16.The respondent was entitled not to accept the appellant’s advice, and to seek advice elsewhere as she did, but her disagreement with the advice provided did not entitle her not to pay for it.
17.I respectfully disagree, therefore, with the original tribunal’s finding that the contract between the parties was for the appellant to provide legal services to the respondent “of the nature and kind that the respondent sought and not just any legal services”. I also disagree with the original tribunal’s finding that the appellant “failed to discharge its contractual undertakings”[9] in the ways described in paragraph 5 above. The original tribunal’s statement and what gave rise to it involved at least three errors.
[9] Colquhoun Murphy Pty Ltd v Reddy [2017] ACAT 83 at [18]
18.First, there were no such undertakings and the costs agreement provided no such details about the services to be provided. The advice given in response to the instructions, including advice upon how the respondent should proceed, was a matter of judgement for the appellant. The appellant did not fail in its contractual undertakings by not doing what the respondent wished it to do.
19.Second, as the appellant submitted, for the original tribunal to embark on its critique of the appellant’s legal advice was a breach of procedural fairness. The appellant came to the hearing for determination of its application for payment of a debt, not a review of the legal services that the appellant had provided. The original tribunal did not have before it an application or counterclaim alleging breach of contract or negligence, and had no role to consider the application as if it were a contract application or a damages application. Mr Reddy submitted that there was no procedural unfairness because the appellant was aware of her contention that she should not have to pay the appellant’s fees because the appellant had not followed her instructions. The respondent’s response stated it from the outset. That may be so, but the response (and its relevance) still needed to be considered in the context of the application to be decided.
20.Third, the breach of procedural fairness was compounded by the original tribunal making “findings of fact” about the appellant’s advice without giving the appellant a proper opportunity to be heard.

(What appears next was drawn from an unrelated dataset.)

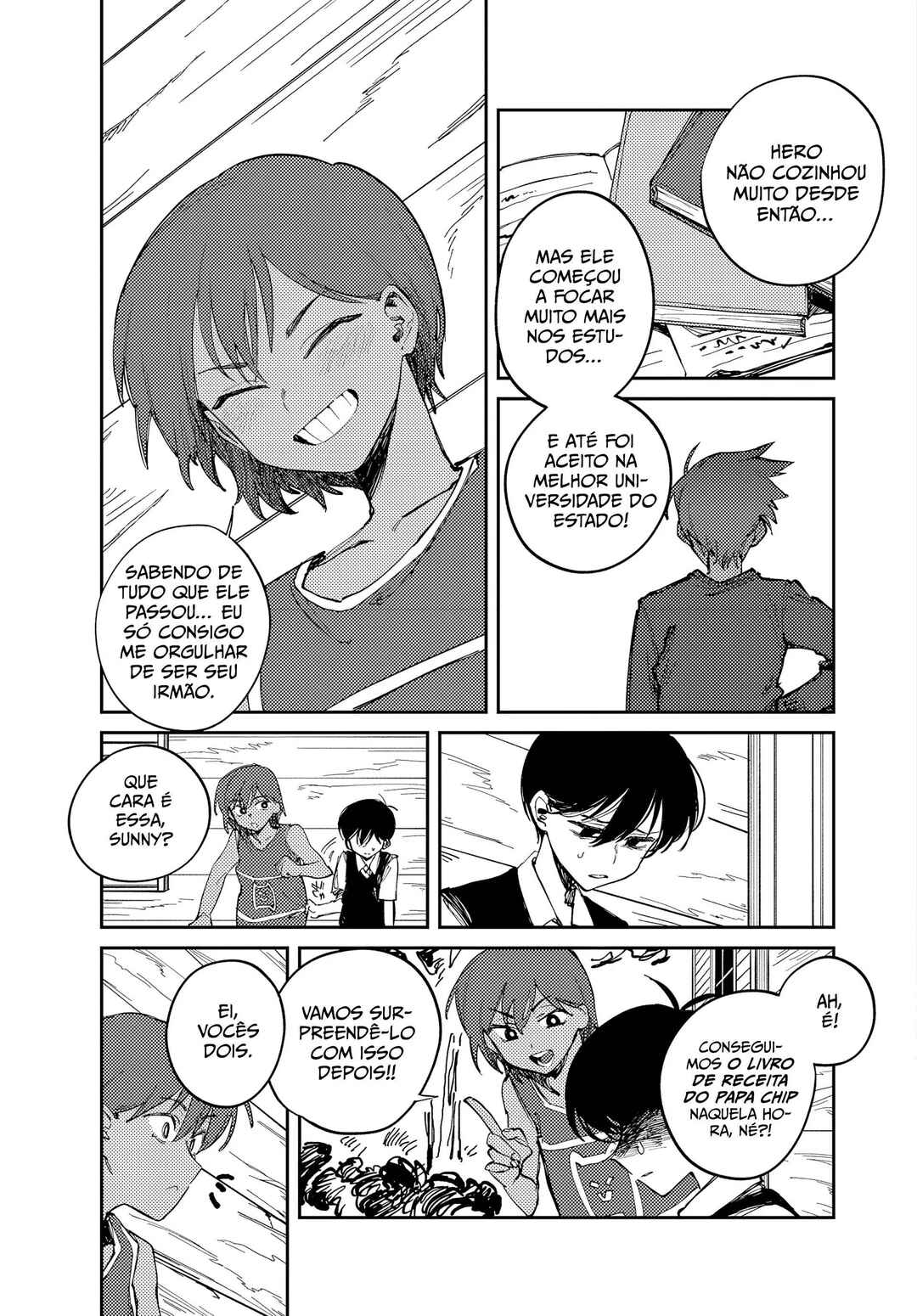 OMORI Chapter 10 - Page 21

Had it done so, a very different picture may have emerged. I give two examples. As mentioned in paragraph 5 above, the original tribunal placed much weight on the appellant’s decision not to place a caveat on the title of the subject property, and it not writing to the respondent’s sister’s solicitors. In my view, whether to take either of those actions involved the professional judgement of the appellant. On the debt application before it, that should judgement have been respected by the original tribunal. The opposite occurred. The original tribunal records in its reasons that it “put to Mr Ponna”, the solicitor appearing for the appellant in the initial hearing, that the appellant should have realised stated circumstances, and should have taken certain action, and that the advice the appellant gave was “contextually useless” and “just wrong”.[10] On the debt application before it, the original Tribunal should not have entertained such propositions from the respondent, much less put them to Mr Ponna.
[10] Colquhoun Murphy Pty Ltd v Reddy [2017] ACAT 83 at [15] – [16]
21.On the appeal, Mr Purvis appropriately acknowledged that the motivation for the appeal was more about protecting the appellant’s ethical and professional standing than recovery of its fees. He therefore made detailed submissions as to why the appellant advised against lodging a caveat on the title of the subject property as the respondent wanted, and why it did not write to the respondent’s sister’s solicitors as the respondent wanted.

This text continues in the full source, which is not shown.